- **Problem details**
The entries are to be reproduced verbatim, and their pictures left out.

- **Short descriptive text snippets**
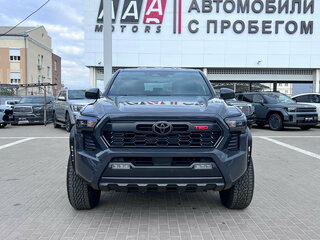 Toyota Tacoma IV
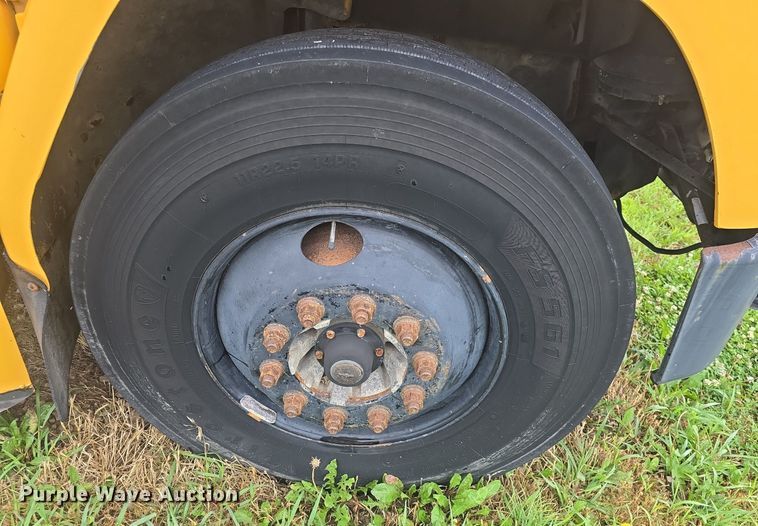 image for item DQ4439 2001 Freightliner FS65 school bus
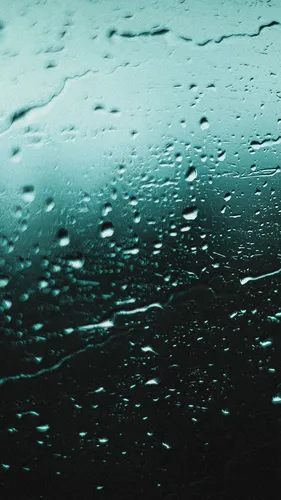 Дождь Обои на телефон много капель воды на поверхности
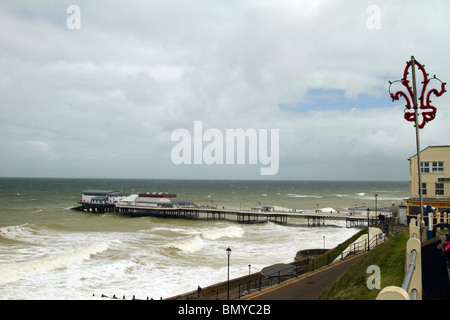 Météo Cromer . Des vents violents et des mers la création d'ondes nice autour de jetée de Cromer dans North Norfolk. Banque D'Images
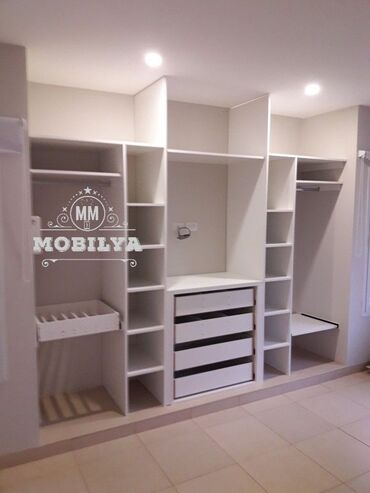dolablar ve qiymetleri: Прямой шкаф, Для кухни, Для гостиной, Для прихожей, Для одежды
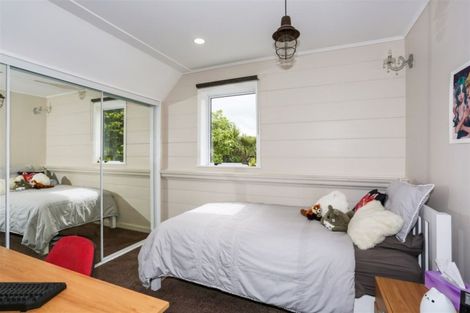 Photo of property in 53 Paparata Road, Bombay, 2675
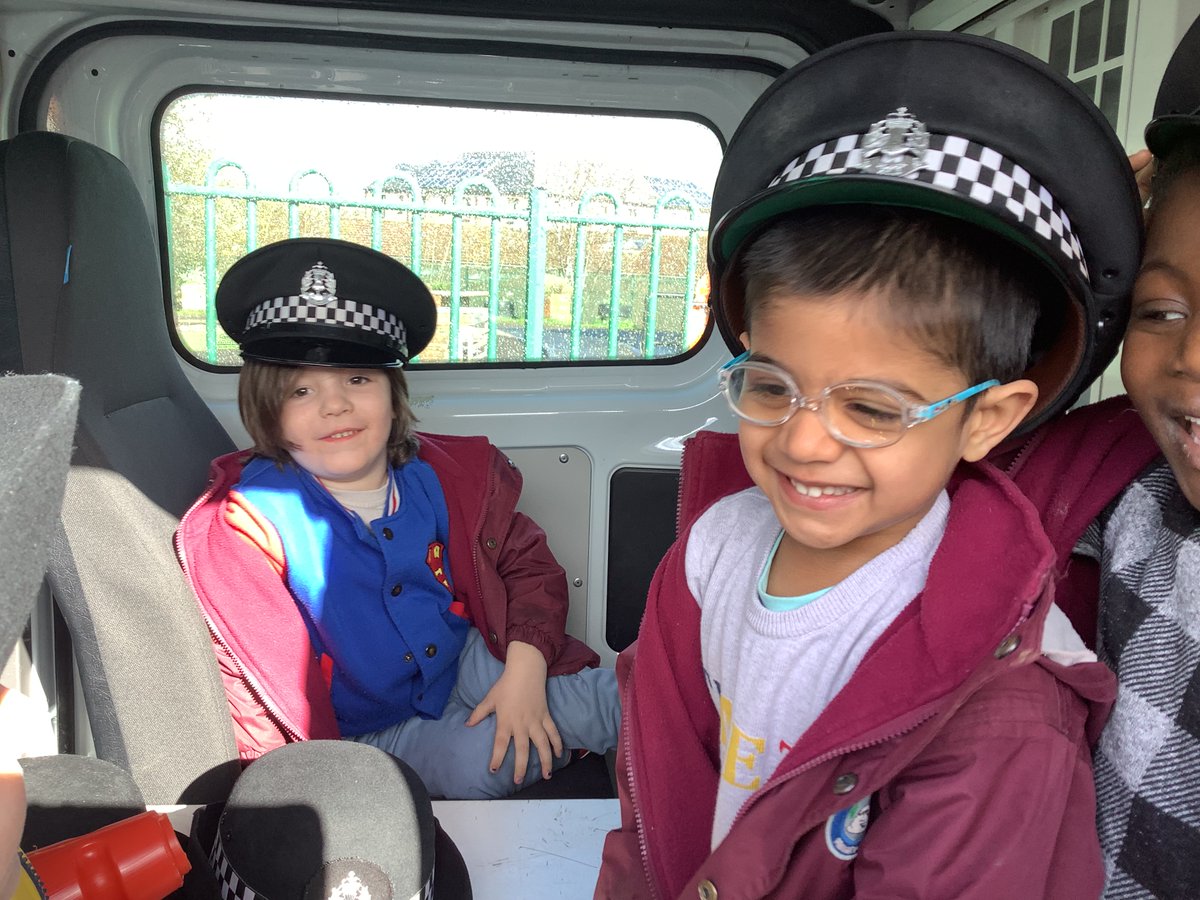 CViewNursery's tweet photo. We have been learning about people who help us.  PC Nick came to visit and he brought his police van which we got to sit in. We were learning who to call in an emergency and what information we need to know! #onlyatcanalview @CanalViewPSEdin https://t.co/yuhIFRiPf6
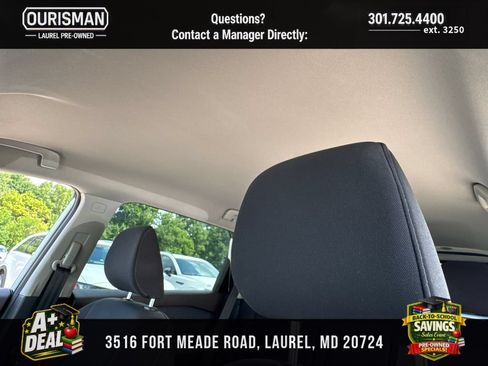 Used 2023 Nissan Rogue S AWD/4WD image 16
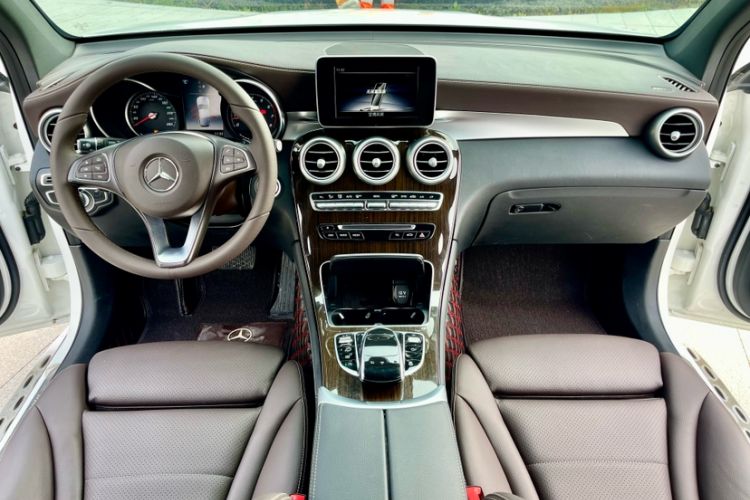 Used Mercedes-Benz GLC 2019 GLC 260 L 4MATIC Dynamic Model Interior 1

- **Task output**
 Toyota Tacoma IV
 image for item DQ4439 2001 Freightliner FS65 school bus
 Дождь Обои на телефон много капель воды на поверхности
 Météo Cromer . Des vents violents et des mers la création d'ondes nice autour de jetée de Cromer dans North Norfolk. Banque D'Images
dolablar ve qiymetleri: Прямой шкаф, Для кухни, Для гостиной, Для прихожей, Для одежды
 Photo of property in 53 Paparata Road, Bombay, 2675
 CViewNursery's tweet photo. We have been learning about people who help us.  PC Nick came to visit and he brought his police van which we got to sit in. We were learning who to call in an emergency and what information we need to know! #onlyatcanalview @CanalViewPSEdin https://t.co/yuhIFRiPf6
 Used 2023 Nissan Rogue S AWD/4WD image 16
 Used Mercedes-Benz GLC 2019 GLC 260 L 4MATIC Dynamic Model Interior 1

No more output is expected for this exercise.